To illustrate this hymn of praise, Charles Coulter painted for Evans for display at the congress a literally fabulous impression of what the perfect federal capital city at Lake George would look like. The National Library has the priceless treasure of Coulter's painting. It is a surreally stimulating thing, imagining an ornate and pompous city that's an orgy of domes, steeples and pillars.
Evans must have been bewitched by Lake George during a late 19th-century visit when it was as spectacularly full as it is this very week in 2023.
At the congress, he rhapsodised that ''water is health-giving and pleasure-giving and is the most important factor in affording a grand perspective to a noble city [and] it is the object of this paper to show that Lake George will afford the loveliest waterside site the heart of man can desire''.
He offered the vision that, ''On the sloping hillsides and down to the water's edge are the palatial buildings of state and learning, while dotted among the foliage appears the villas of the residents and the spires of churches and public buildings.''
Evans sang that the lake's waters ''abound with Murray cod and other fish'' and that the lake site was so situated for a great capital city that ''it would be an easy matter to run a railway on to Kiandra and so open up the Switzerland of Australia to afford the citizens of the Commonwealth all the pleasures of the Swiss Alps".
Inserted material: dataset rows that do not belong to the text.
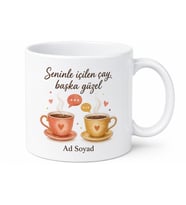 Kişiye Özel Sıcak Sohbet Temalı Baskılı Kupa Bardak Hediye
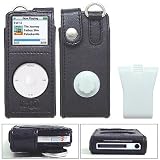 Kroo (Black) Apple Ipod Nano 2Gb/4Gb Leather Case - Forza Series + Free 12V Car Charger by PCMicroStore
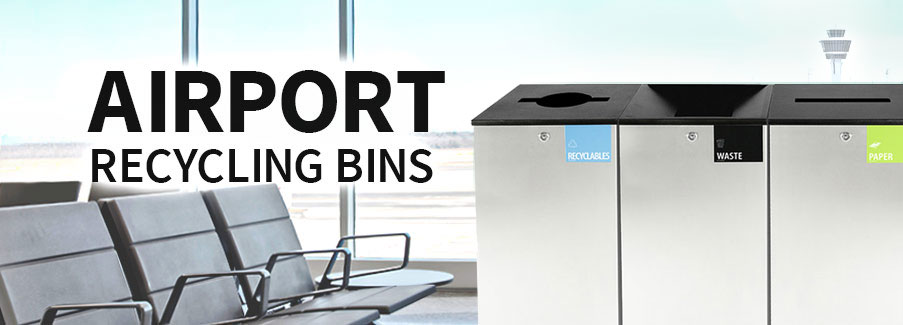 Airport Recycling Bins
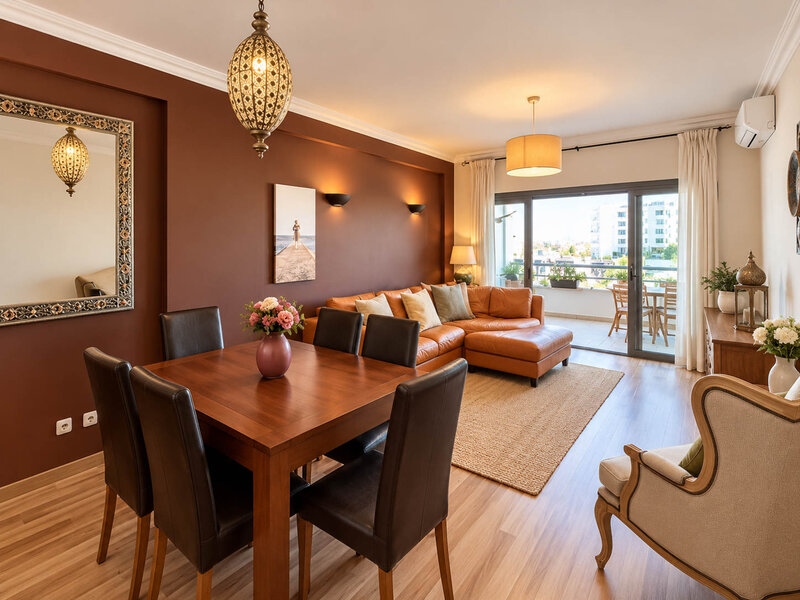 Apartment 2 bedrooms Liceu Portimão - balcony, solar panels, garage, store room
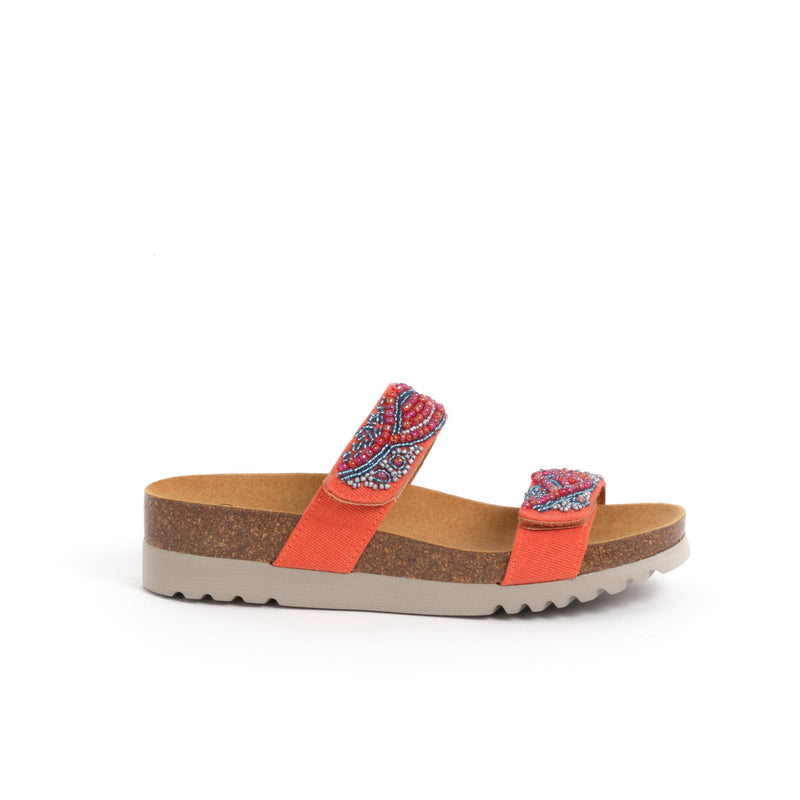 ZAFIRAH - Canvas+beads - Orange - 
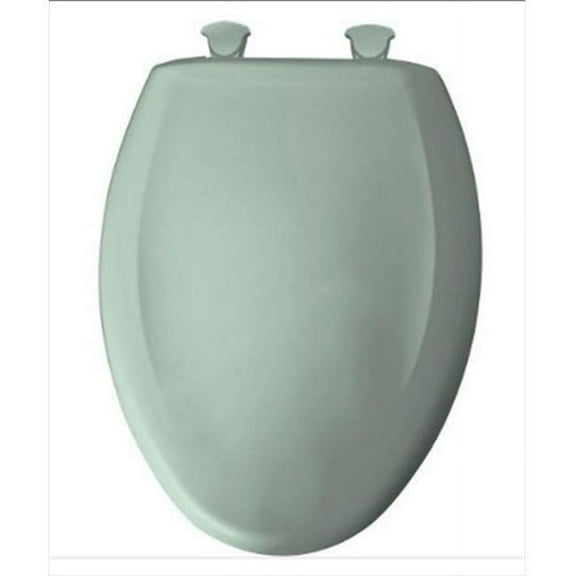 1200SLOWT 455 Slow Close STA-TITE Elongated Closed Front Toilet Seat in Seafoam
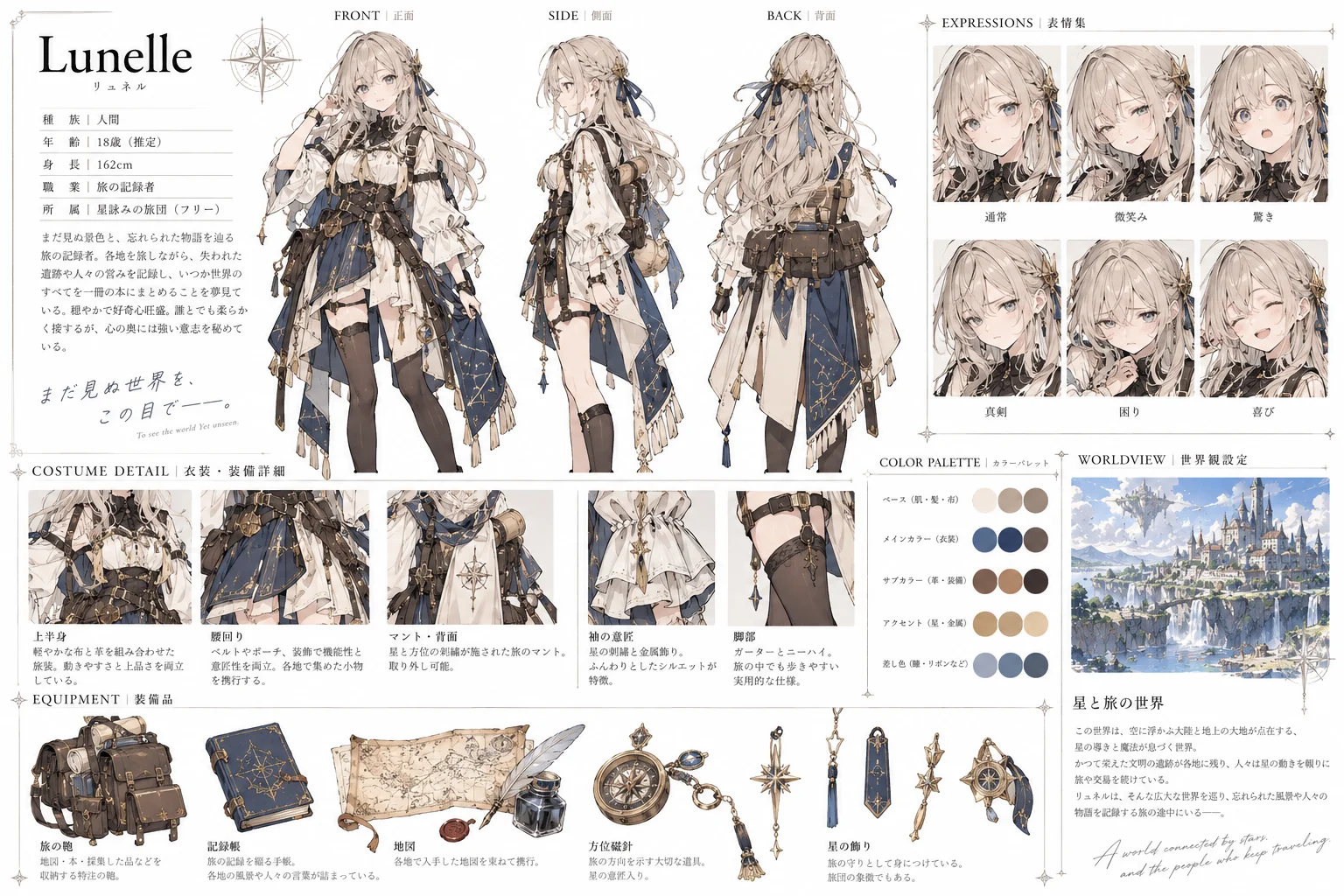 Official Character Reference Sheet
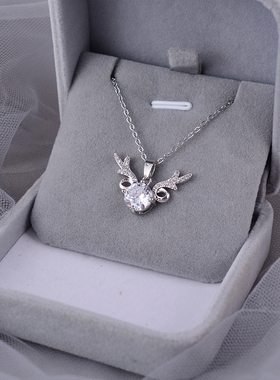 PT950铂金项链一路鹿有你白金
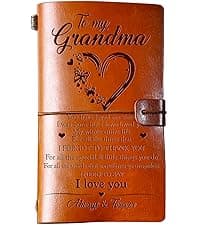 Hiipeenow Coach Appreciation Gifts for Men Women, Leather Travel Journal 140 Pages Presents, Baseball Softball Soccer Basketball Swim Football Coach Gifts, Christmas Birthday Thanksgiving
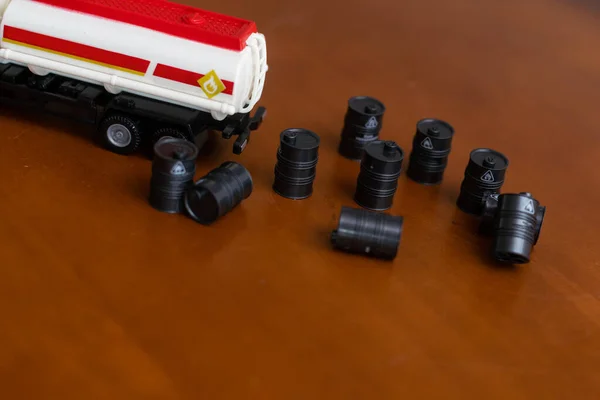 Toy Barrels Truck Miniature — Stock Photo, Image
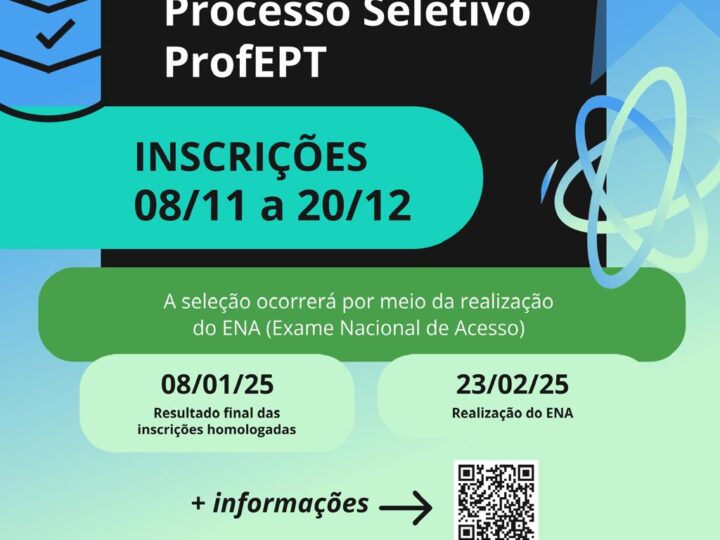 IFS oferta 22 vagas para Mestrado Profissional em Educação Profissional e Tecnológica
It is a dull Canberran who cannot thrill to the evangelical vividness of Evans' vision and who does not ask flight-of-fancy 'what if?' questions of what might have been. Our federal capital city might have been a kind of improved Venice, a canal-centred watery wonder of the urban world where instead of today's tyranny of the roaring motor car, there might have been a blissful regime of elegant, white-sailed yachts, of bustling electric ferries (the waterborne equivalent of light rail) and of bobbing gondolas.